Shares of stocks linked to a fast-recovering economy were weak in premarket. Shares of Caterpillar, Freeport-McMoRan and Nucor were lower.
Futures also pulled back amid talk of the Federal Reserve’s so-called taper. There’s growing support within the central bank to announce a tapering of its bond purchases in September and begin the reduction in buying a month or so after. Interviews with officials along with their public comments show growing support for a faster taper timeline than markets had expected a month ago.
The Dow ended last week at 35,515.38, a record close, while the S&P 500 finished Friday at 4,468.00 to notch its own best-ever finish.
The blue-chip Dow and the S&P 500 rounded out the week with muted gains of 0.8% and 0.7%, respectively, amid light summertime trading volumes. The tech-heavy Nasdaq Composite underperformed week, down just under 0.1%.
The yield on the benchmark 10-year Treasury note was last seen at 1.283%. Bond yields fall as their prices rise.
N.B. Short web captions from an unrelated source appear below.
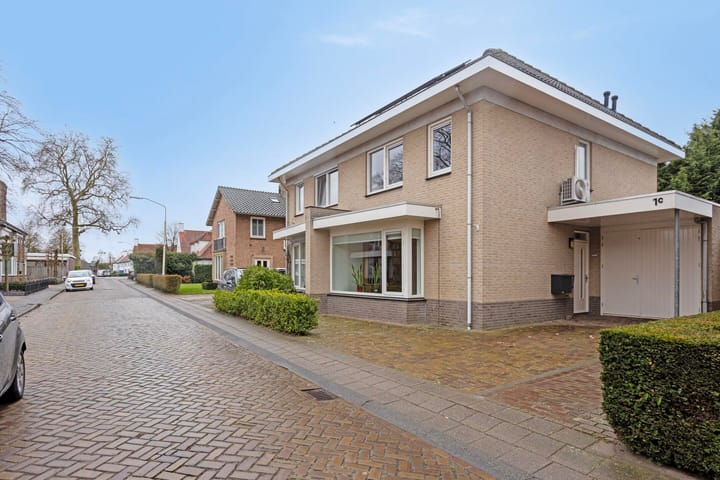 Foto 29 van Pastoor van Akenstraat 1-C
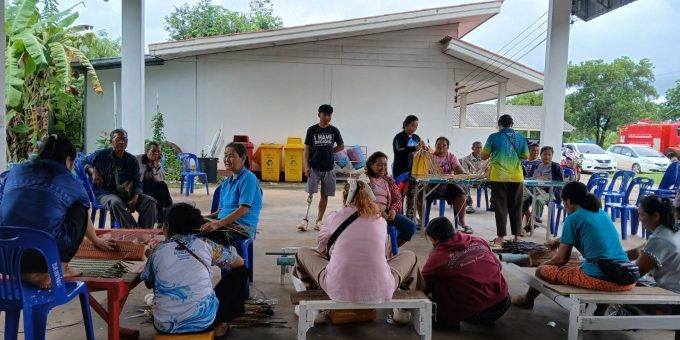 วันนี้เวลา09.00 น. กองสวัสดิการสังคม องค์การบริหารส่วนตำบลเหล่าพัฒนา ได้ดำเนินการจัดโครงการฝึกอบรมส่งเริมอาชีพคนพิการ ประจำปีงบประมาณ 2569 โดยมีนายเสน่ห์ เดชขันธ์ นายกองค์การบริหารส่วนตำบลเหล่าพัฒนา พร้อมด้วยคณะผู้บริหาร และ ท่านปลัดสมคิด อุทัยวัฒน์ ร่วมเปิดโครงการ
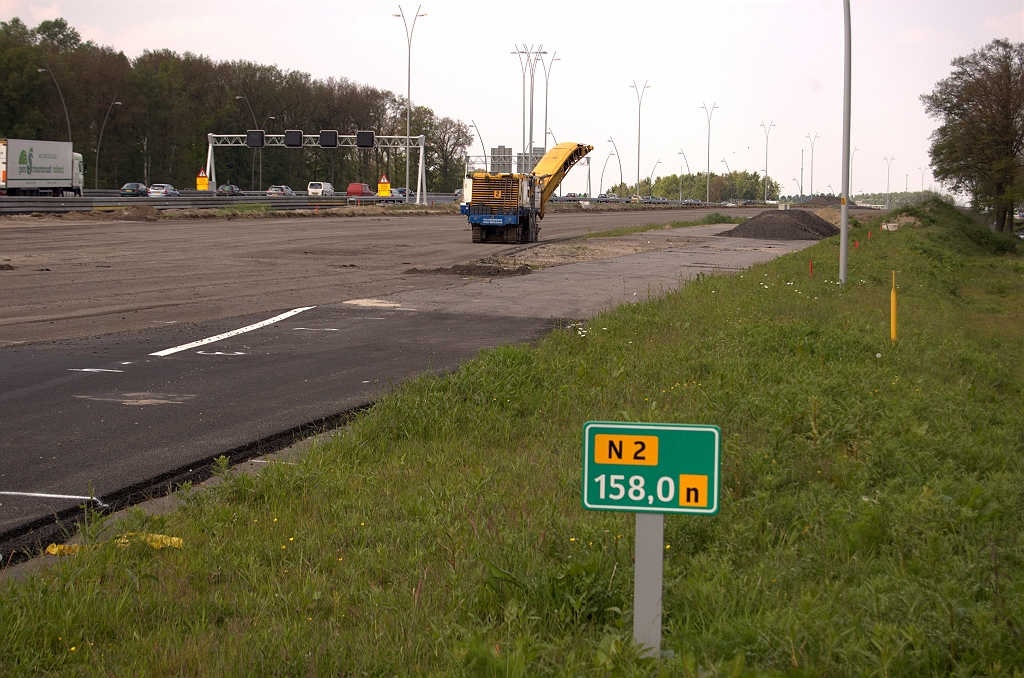 20090510-145028.jpg - Nog een klein stukje van de vorige slingermarkering, op nieuw parallelbaanasfalt dat was aangeplakt tegen de oude oostelijke hoofdrijbaan. Het nieuwe asfalt loopt nog iets verder door...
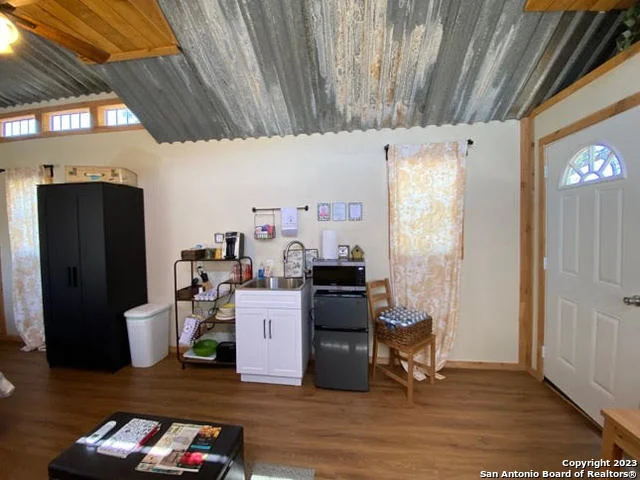 Photo of 1841 Oak Meadows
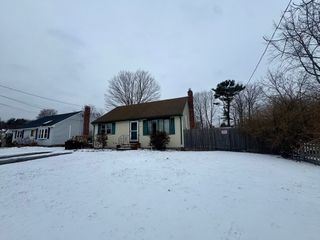14 Morrill St, Brockton, MA 02302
Investors digested mixed economic data last week.
Perhaps the most notable reading was Wednesday’s softer-than-expected inflation report, which showed consumer prices minus energy and food rose less than expected in July. Meanwhile, the Labor Department said Thursday that weekly jobless claims came in at 375,000 last week, matching estimates and declining for a third straight week.
The University of Michigan’s sentiment read for August printed at just 70.2, the weakest since December 2011, and producer prices came in hotter than expected.
Upcoming economic data includes an update on retail sales on Tuesday, as well as housing starts and the release of the Federal Reserve’s latest meeting minutes on Wednesday.
The major stock indexes have for much of the last month ground to new records on the back of robust corporate earnings results.
Eighty-seven percent of S&P 500 companies have reported positive earnings per share surprises for the second calendar quarter. If 87% is the final percentage, it will mark the highest percentage of S&P 500 companies reporting positive EPS surprises since FactSet began tracking this metric in 2008.